Lawmakers Failed To Take Step No. 1
Let’s all be thankful that Washington lawmakers do not run the trains at Amtrak.
Even so, they’ve managed a pretty spectacular train wreck of their own.
Today, Spokane gambling is booming because state legislators snoozed on the job. In 1997, they yawned and allowed a little-noticed senate bill to slide through the Legislature. This bill, described as a minor change in the law, wound up bringing Las Vegas-style house banks to the state’s card rooms. Now, local mini-casinos can run jackpots of $10,000 or more.
In Spokane County there are five of these non-tribal casinos and five more are expected by the end of the year. Gross receipts in state card rooms have increased 58 percent and some card rooms are bringing in 12 times more than they were a year ago.
As the gambling industry explodes in Spokane, it will be the community which will be forced to pick up the pieces. It will be families and businesses that will sustain the damage when bankruptcies, domestic violence and suicide increase.
How did this happen? It appears that neither lawmakers nor the governor took the time to read the bill and research its potential consequences.
In a recent poll of eight Eastern Washington legislators, seven said the bill should have received more scrutiny.

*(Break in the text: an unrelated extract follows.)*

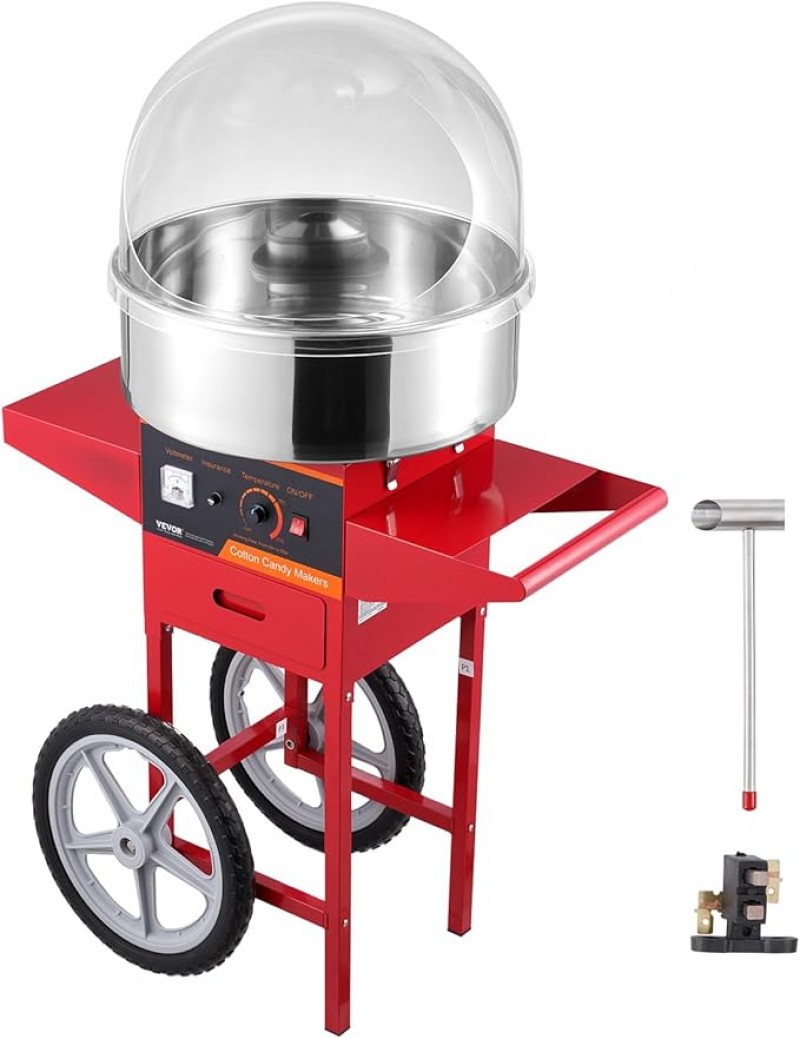 Zuckerwattemaschine mit Wagen Profi elektrisch 1 kW kommerzielle Zuckerwattemaschine rot mit Abdecku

“Maybe we were asleep at the switch,” says state Sen. Bob McCaslin. “Sometimes we pass legislation and aren’t really sure what the impact will be.”

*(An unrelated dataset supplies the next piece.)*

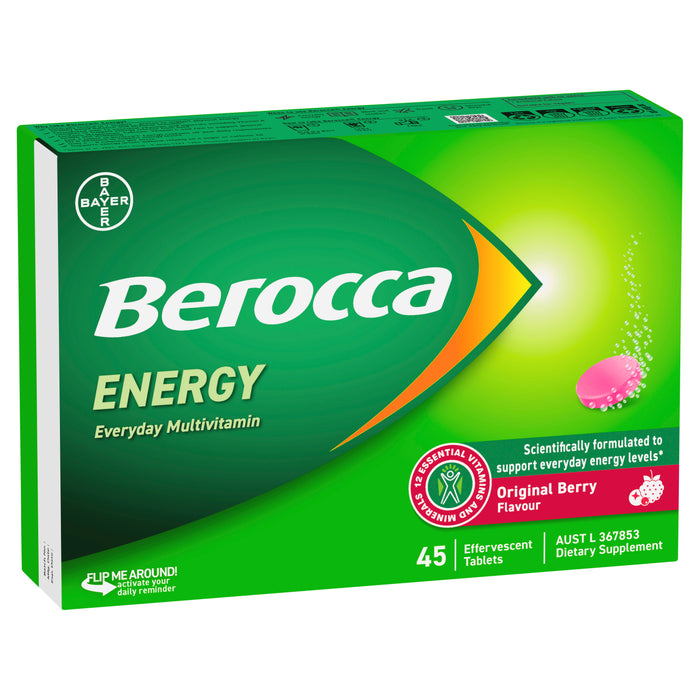 Berocca Energy Original Berry Effervescent Tablets 45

Gov. Gary Locke says he understood the bill to be only a technical change in the law. “If I could do it over again,” he said recently, “I would probably veto it.”

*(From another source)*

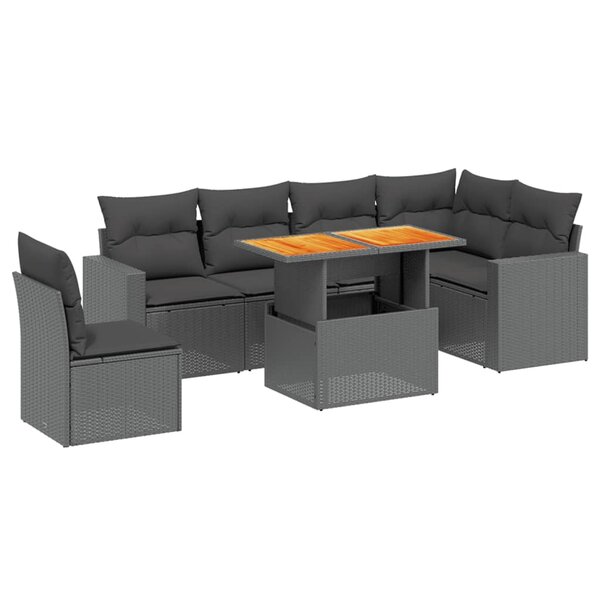 vidaXL Salon de jardin 7 Pièces avec coussins noir résine tressée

So downplayed was this bill that nobody thought to ask if it should fall under a constitutionally required 60 percent vote. Any bill expanding gambling in Washington must pass both houses with that majority.
One person who could have explained the changes in detail was Frank Miller, director of the Washington State Gambling Commission. He left the commission and now works as a lawyer representing the gambling industry.
Voters have a right to expect more from their elected officials. It should go without saying that legislators read and understand the bills on which they vote.
Luckily, there’s a way to get this train back on track. It’s not too late to repeal the bill.
As state lawmakers assess the house-banking bill’s toll in cities such as Spokane, they have a chance to do the research they neglected the first time.
Step No. 1: Read and understand the bill.